The Site Reliability Engineer position is a remote role based in Canada, posted by Jobgether on behalf of Foundant Technologies.
The engineer will maintain the performance, scalability, and reliability of cloud-based SaaS products used by mission-driven organizations.
Responsibilities include collaborating with engineering, product, and operations teams to improve system health, automate processes, and ensure high availability.
The role involves ensuring high availability and optimal performance of production and staging environments by monitoring system health and responding to incidents promptly.
The engineer will lead incident response, conduct post-mortems, and implement corrective actions to prevent recurrence.
Automating repetitive tasks such as deployments, scaling, and maintenance using tools and scripts is a key responsibility.
Collaboration with cross-functional teams to manage cloud-based infrastructure changes and deploy new features seamlessly is required.
The engineer will develop and maintain robust monitoring, logging, and alerting systems for real-time visibility and proactive issue resolution.
Planning for system capacity and scalability based on usage trends and forecasted growth is essential.
The role includes applying security best practices across infrastructure and supporting compliance efforts in collaboration with security teams.
Continuous analysis and optimization of system performance, identifying bottlenecks, and enhancing throughput is expected.
Contributing to internal documentation and fostering knowledge-sharing to support operational excellence across teams is part of the job.
Requirements:
A minimum of 3 years of experience as a Site Reliability Engineer, DevOps Engineer, or in a similar role in a SaaS or cloud-based environment is required.
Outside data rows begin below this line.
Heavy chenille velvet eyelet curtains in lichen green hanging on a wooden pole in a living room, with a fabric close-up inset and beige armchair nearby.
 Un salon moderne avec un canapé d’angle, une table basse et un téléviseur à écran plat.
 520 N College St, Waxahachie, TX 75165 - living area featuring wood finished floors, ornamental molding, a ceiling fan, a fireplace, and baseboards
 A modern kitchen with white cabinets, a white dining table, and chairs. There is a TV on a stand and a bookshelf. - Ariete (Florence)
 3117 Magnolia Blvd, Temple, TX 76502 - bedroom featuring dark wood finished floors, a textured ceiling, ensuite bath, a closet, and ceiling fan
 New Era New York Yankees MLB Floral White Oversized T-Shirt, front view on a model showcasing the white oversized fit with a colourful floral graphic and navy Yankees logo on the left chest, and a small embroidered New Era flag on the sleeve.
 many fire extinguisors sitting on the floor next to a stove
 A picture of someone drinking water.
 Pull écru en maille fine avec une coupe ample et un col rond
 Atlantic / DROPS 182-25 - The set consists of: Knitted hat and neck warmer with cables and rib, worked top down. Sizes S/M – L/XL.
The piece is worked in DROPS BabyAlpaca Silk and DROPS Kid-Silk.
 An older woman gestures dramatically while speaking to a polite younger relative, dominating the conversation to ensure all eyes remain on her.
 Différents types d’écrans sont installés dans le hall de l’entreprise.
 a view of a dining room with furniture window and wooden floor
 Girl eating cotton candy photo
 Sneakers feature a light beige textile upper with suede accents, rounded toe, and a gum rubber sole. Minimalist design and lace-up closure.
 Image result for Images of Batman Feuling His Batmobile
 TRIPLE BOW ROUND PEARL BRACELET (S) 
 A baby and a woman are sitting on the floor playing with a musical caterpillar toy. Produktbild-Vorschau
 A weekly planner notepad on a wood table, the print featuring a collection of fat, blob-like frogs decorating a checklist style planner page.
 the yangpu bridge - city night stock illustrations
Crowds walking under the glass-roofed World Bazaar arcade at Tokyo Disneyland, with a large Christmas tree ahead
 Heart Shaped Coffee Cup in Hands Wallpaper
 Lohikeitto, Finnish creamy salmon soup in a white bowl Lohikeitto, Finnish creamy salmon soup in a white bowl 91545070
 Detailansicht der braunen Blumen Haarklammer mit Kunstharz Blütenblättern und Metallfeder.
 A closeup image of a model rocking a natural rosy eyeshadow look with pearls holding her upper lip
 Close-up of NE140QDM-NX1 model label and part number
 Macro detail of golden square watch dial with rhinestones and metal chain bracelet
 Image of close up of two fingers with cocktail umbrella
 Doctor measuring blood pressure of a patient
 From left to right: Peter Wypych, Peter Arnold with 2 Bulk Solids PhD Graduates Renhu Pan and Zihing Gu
Expertise in Microsoft Azure services such as App Services, SQL, Functions, DevOps, and Azure Monitor is necessary.
Familiarity with AWS services like EC2, ECS, Lambda, and CloudWatch is a plus.
Strong knowledge of infrastructure-as-code tools like Terraform or CloudFormation is required.
Experience with Docker, Kubernetes, and orchestration frameworks is essential.
Proficiency in monitoring and APM tools such as Azure Monitor, Application Insights, Datadog, or ELK is needed.
Candidates must be skilled in scripting languages such as PowerShell, Python, or Bash.
An understanding of CI/CD pipelines, cloud networking, web application deployment, and database performance tuning is required.
Strong analytical and troubleshooting skills in distributed systems are necessary.
Clear and effective communication skills with the ability to explain technical concepts to diverse stakeholders are essential.
Candidates must be legally eligible to work in Canada.
Certifications such as Azure Solutions Architect Expert or AWS Solutions Architect are a plus.
Experience with large-scale distributed systems and cloud security practices is highly valued.
Benefits:
The position offers competitive compensation with performance-based reviews.
There is remote-first flexibility with optional access to office hubs.
A flexible PTO policy and a focus on work-life balance are provided.
Lifestyle reimbursements and well-being initiatives, including mindfulness and fitness support, are included.
Tuition reimbursement and a strong commitment to personal and professional development are offered.
Opportunities for cross-functional collaboration across a merged organization are available.
Internal mobility pathways for career growth and leadership opportunities are provided.
The company fosters a culture of autonomy, recognition, and mission-driven innovation.